_Work instructions_.
Every line of the listing below is to be duplicated exactly, with the pictures left out.

■ ■ ■ ■

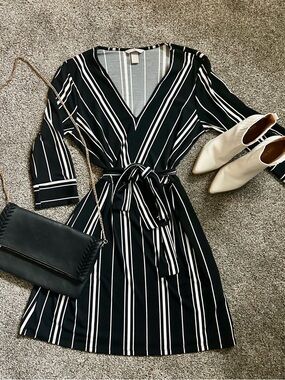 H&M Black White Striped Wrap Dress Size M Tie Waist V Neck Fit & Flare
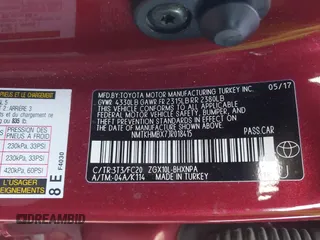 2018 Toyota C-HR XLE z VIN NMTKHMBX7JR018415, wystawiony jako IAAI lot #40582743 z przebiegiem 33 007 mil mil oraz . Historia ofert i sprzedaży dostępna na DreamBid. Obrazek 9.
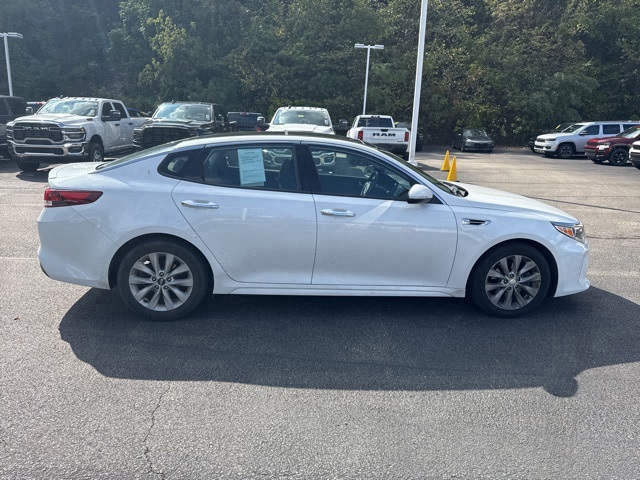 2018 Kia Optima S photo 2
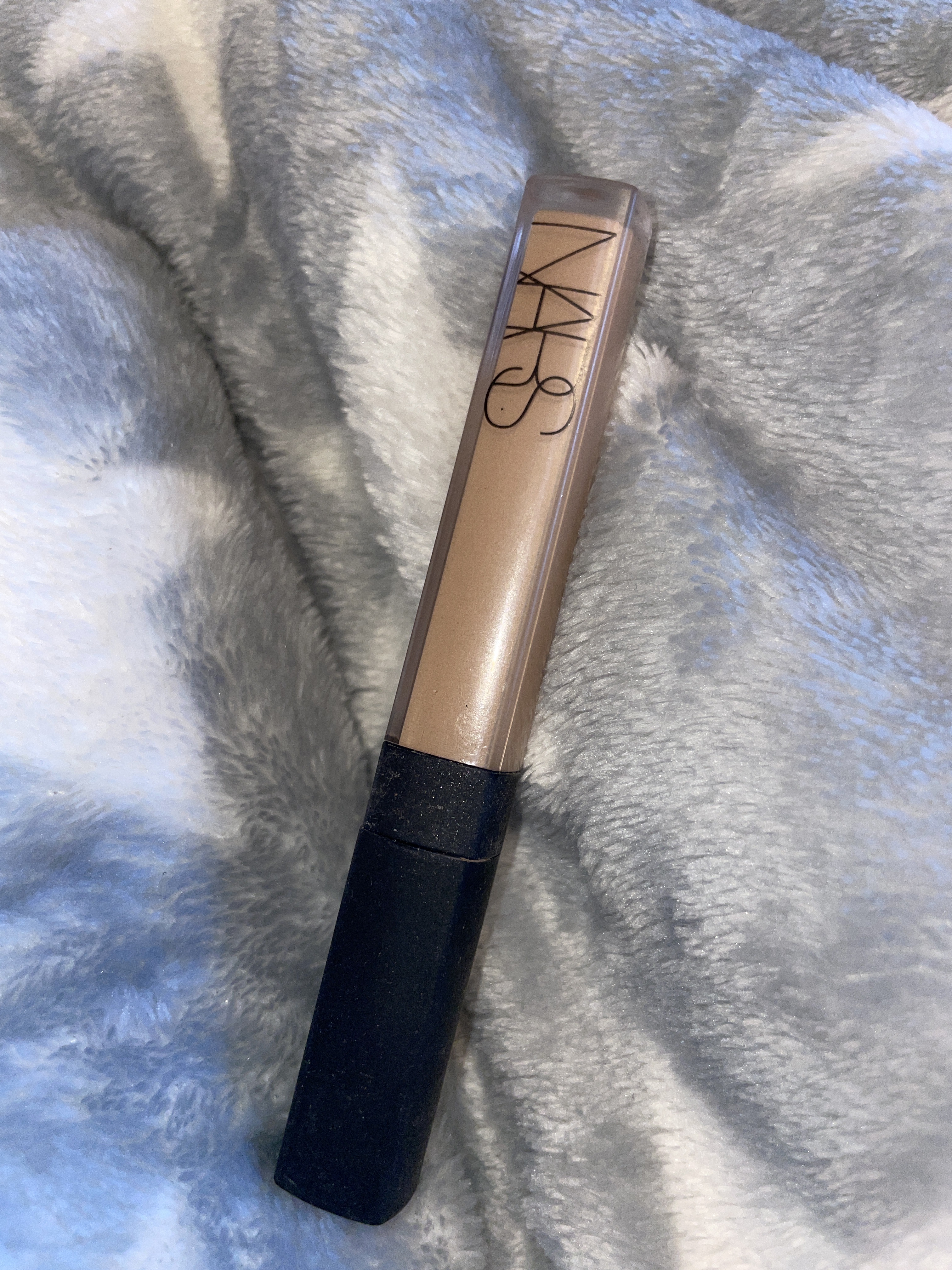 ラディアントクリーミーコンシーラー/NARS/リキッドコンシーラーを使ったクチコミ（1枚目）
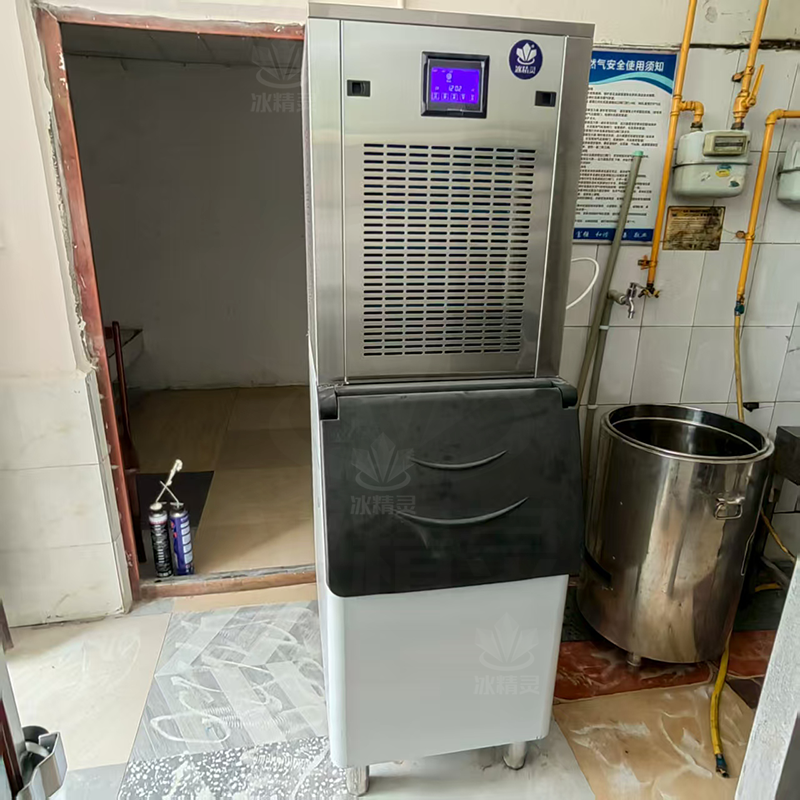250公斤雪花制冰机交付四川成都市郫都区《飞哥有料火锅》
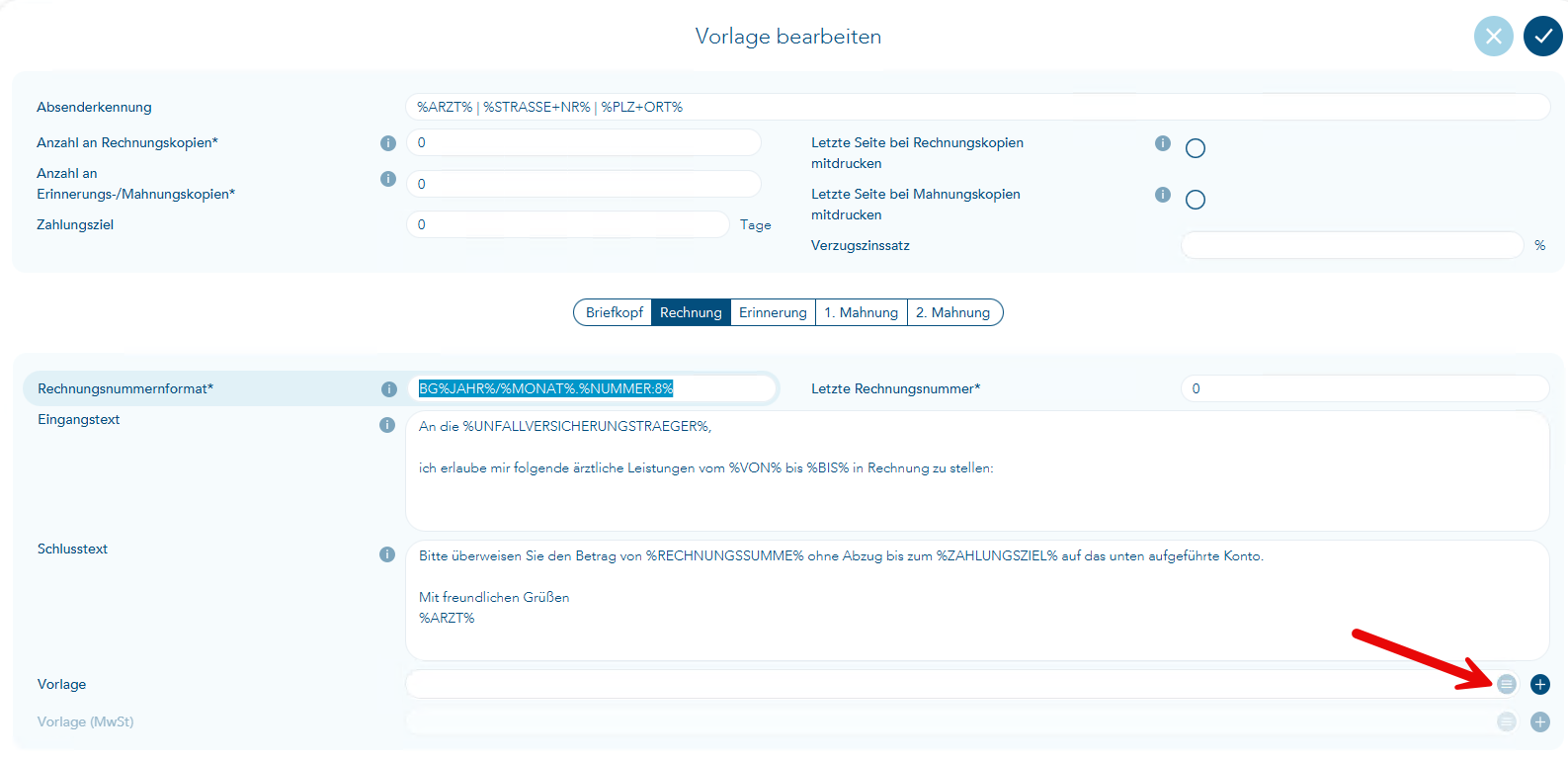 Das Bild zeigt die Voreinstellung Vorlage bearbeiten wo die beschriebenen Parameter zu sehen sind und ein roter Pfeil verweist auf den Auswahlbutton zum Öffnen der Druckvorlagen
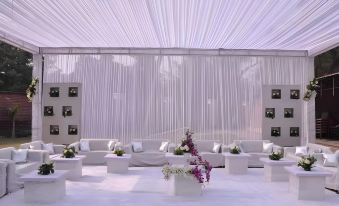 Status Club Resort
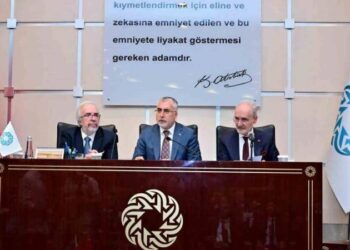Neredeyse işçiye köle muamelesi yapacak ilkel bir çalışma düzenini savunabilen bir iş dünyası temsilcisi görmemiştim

■ ■ ■ ■

_Response to the task_.
 H&M Black White Striped Wrap Dress Size M Tie Waist V Neck Fit & Flare
 2018 Toyota C-HR XLE z VIN NMTKHMBX7JR018415, wystawiony jako IAAI lot #40582743 z przebiegiem 33 007 mil mil oraz . Historia ofert i sprzedaży dostępna na DreamBid. Obrazek 9.
 2018 Kia Optima S photo 2
 ラディアントクリーミーコンシーラー/NARS/リキッドコンシーラーを使ったクチコミ（1枚目）
250公斤雪花制冰机交付四川成都市郫都区《飞哥有料火锅》
 Das Bild zeigt die Voreinstellung Vorlage bearbeiten wo die beschriebenen Parameter zu sehen sind und ein roter Pfeil verweist auf den Auswahlbutton zum Öffnen der Druckvorlagen
 Status Club Resort
Neredeyse işçiye köle muamelesi yapacak ilkel bir çalışma düzenini savunabilen bir iş dünyası temsilcisi görmemiştim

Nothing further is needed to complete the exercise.